I have one wish though: Being able to fetch the main records/documents and related records or documents with a single query. That'll be the day the database industry changes. (Already done maybe? Since I am an old guy that can't be bothered to follow every new shiny thing anymore :)

Isn't this a SQL JOIN you're describing? If you're talking about multi data store you can do that with foreign data wrappers and have something foreign to PostgreSQL appear local, or if you're talking multi system you can do it with an API proxy like Kong or with any GraphQL server.

So yeah, it's possible :-)

 

Yes, SQL JOIN; except, it returns a single row for every parent record.

If by a "multi data store", you mean being able to merge data from multiple sources (something like one part from MySQL and some other part from PostgreSQL), that's not what I mean either.

As for a GraphQL server, if I'm not mistaken, a graphql server fetches data from the source then formats it to the required specification.

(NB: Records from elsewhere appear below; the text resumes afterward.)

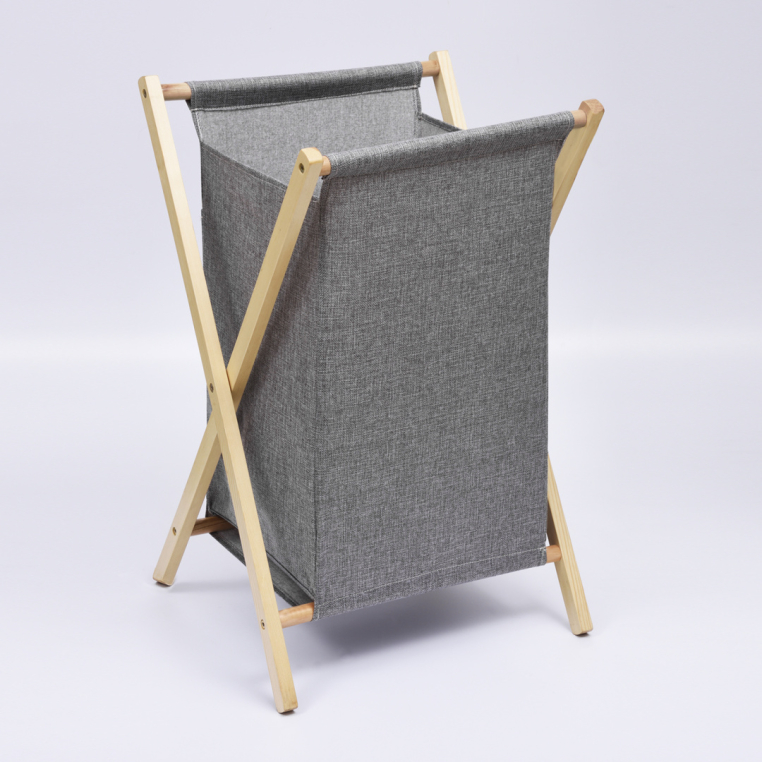 Корзина для белья WasserKraft Nau WB-772-L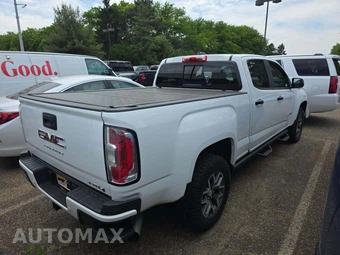 2021 GMC Canyon AT4 Crew Cab Long Bed w/Cloth - miniatura 3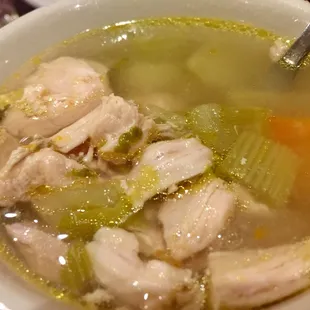 Chicken Soup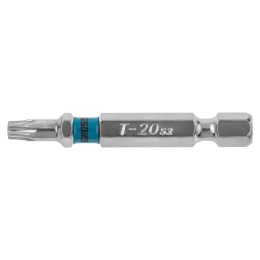 Бита Torx 20 х 50, сталь S2, 10 шт. Gross 11470 Бита Torx 20 х 50, сталь S2, 10 шт. Gross 11470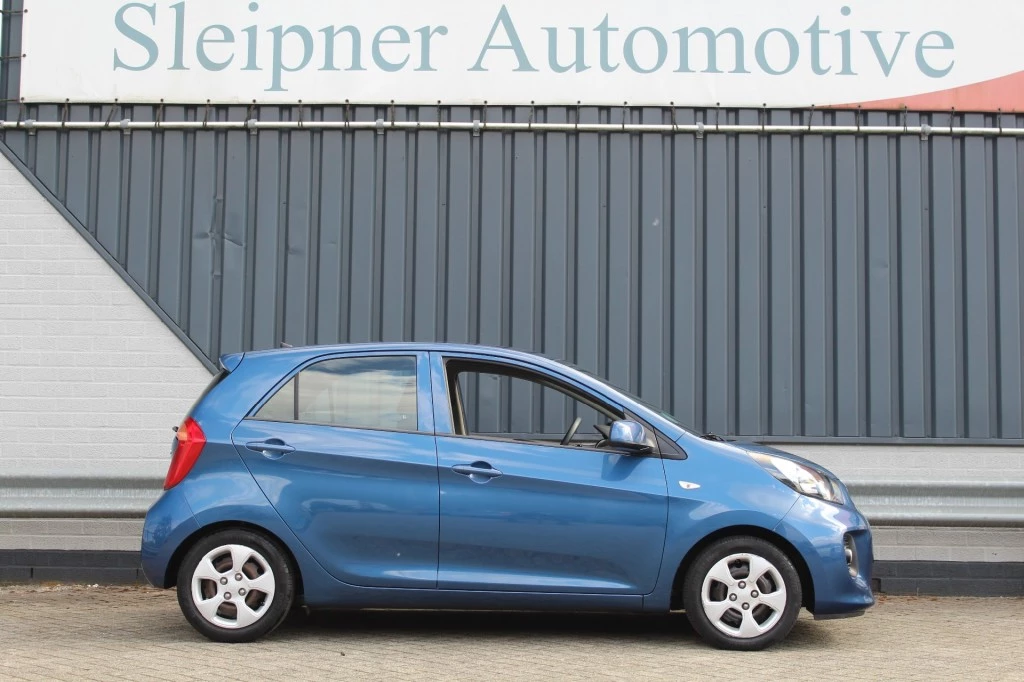 Hoofdafbeelding Kia Picanto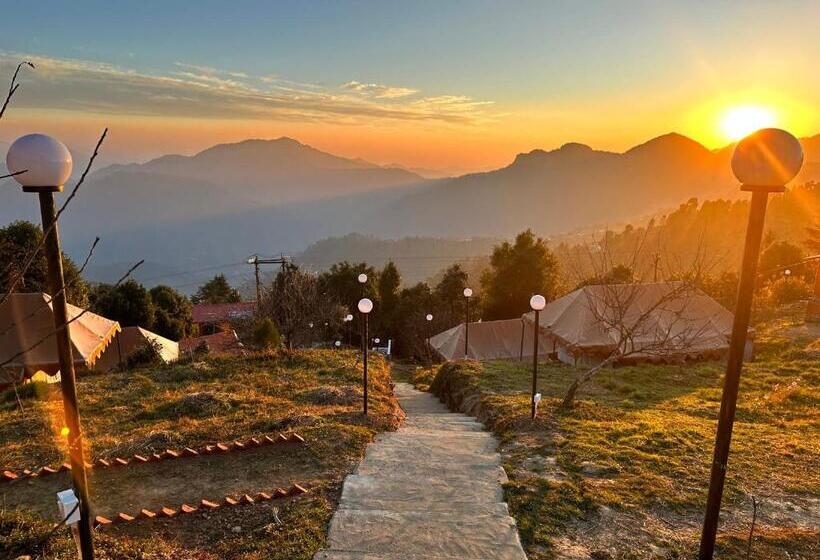 בית מלון כפרי Instaview Kanatal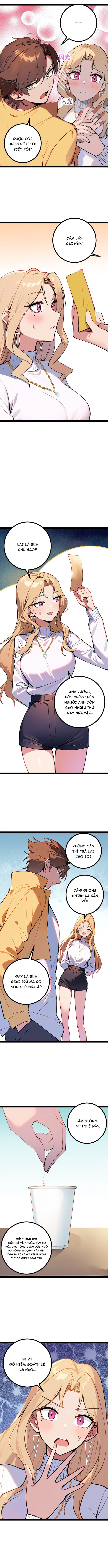 Thầy Phong Thuỷ Của Làng Giải Trí Chap 8 - Next Chap 9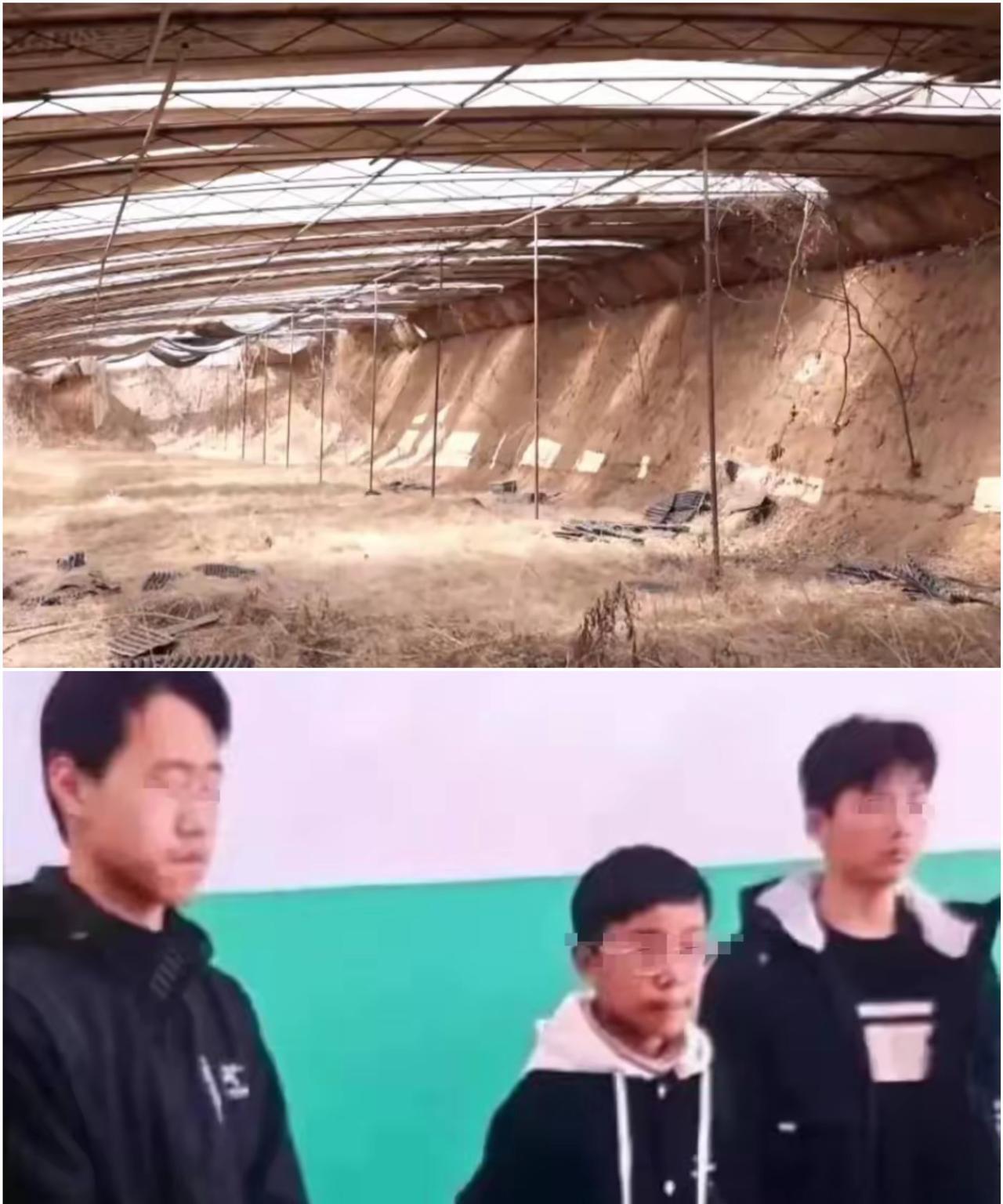 河北邯郸13岁初中生王某某，竟被同班同学张某某、李某杀害，还惨遭埋尸！这起案件恶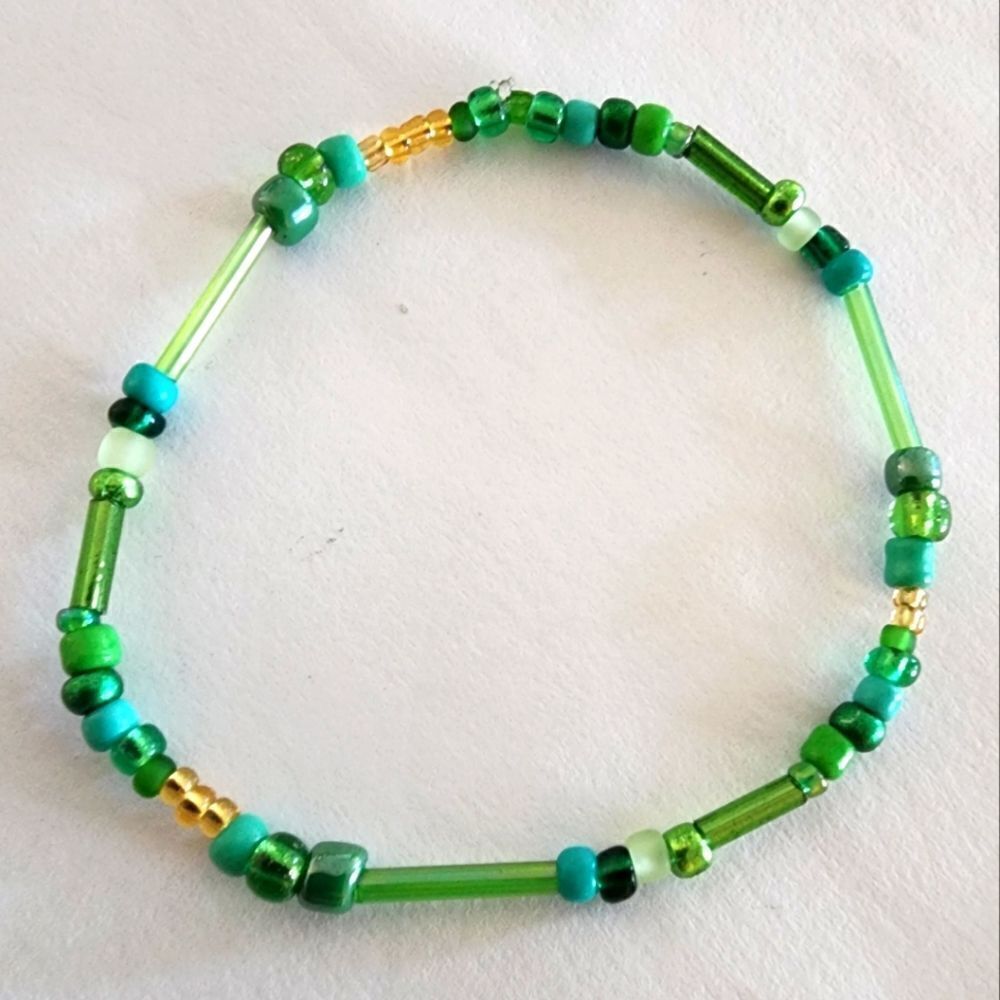 Custom Friendship Bracelet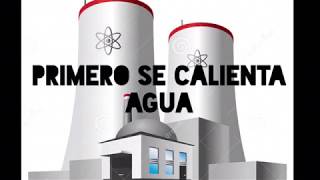 Tech Board: ¿Cómo podemos generar electricidad en una central nuclear?
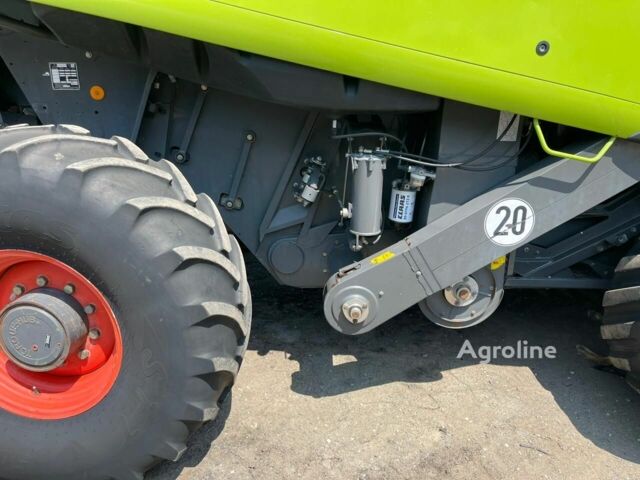 Клаас Другая, об'ємом двигуна 0 л та пробігом 0 тис. км за 170171 $, фото 9 на Automoto.ua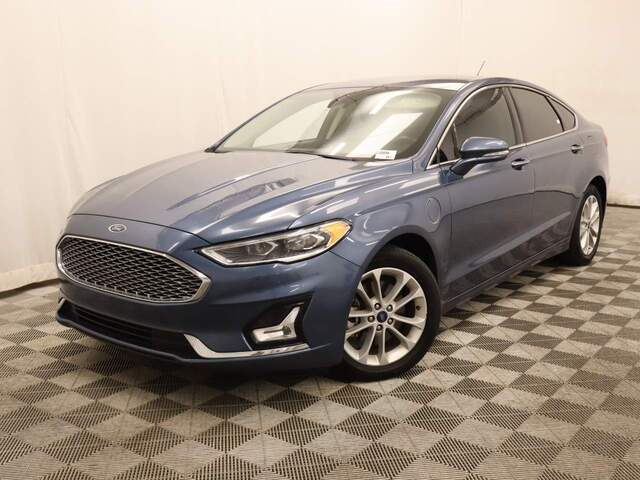 2019 Ford Fusion Energi
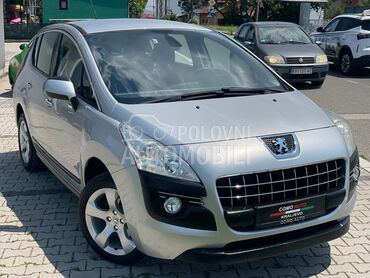 Peugeot 3008 1.6hdi 178.oook.mNOV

What I'm looking for is something like a GraphQL server embedded in the database / data store.

Let me try to write a pseudo query and a sample output for what I mean:
select students[id, firstname, lastname, student_no] as root, current_courses[course_name, course_code]
FROM students
MERGE students_courses on (students_courses.student_id = students.id)
MERGE courses as current_courses on (students_courses.course_id=courses.id)
WHERE student_no=1234

And the result
{id:1, firstname:Necmettin, lastname:Begiter, student_no:199601010725, courses:[{course_name:"Comperative Linguistics", course_code:"ECC101"}, {course_name:"Psychology of Learning", course_code:"ESL101"}, {course_name:"Something something", course_code:"ESS101"}]

A few things to note:

  1. This is a single query merging multiple records from different tables.
  2. The result is a single record, with fields id, firstname, lastname, student_no, and courses, with the courses field being an array of objects.
  3. Students, courses, and students_courses are separate tables/indexes/schemas/whatever.
  4. MongoDB has something similar, calling it DBRefs, but the client application must perform a separate query to fetch the related records.
  5. We all know that nested data fetching is a very complex issue. Even Firestore notes these limitations (firebase.google.com/docs/firestore...) regarding nested data fetching.
  6. With our current database solutions (including Firestore, MongoDB, ElasticSearch), if you include the students' courses in the students' table, you have two possible paths:
  • You can store the courses' IDs as an array field in students data, in which case you have to perform a separate query to fetch those courses after you fetch the students you want.
  • You can store the entire current_courses info in students table, instead of only IDs; in which case, if you ever need to update a course, you have to perform a separate query to update current_courses data that are inside the students table/database/schema/whatever.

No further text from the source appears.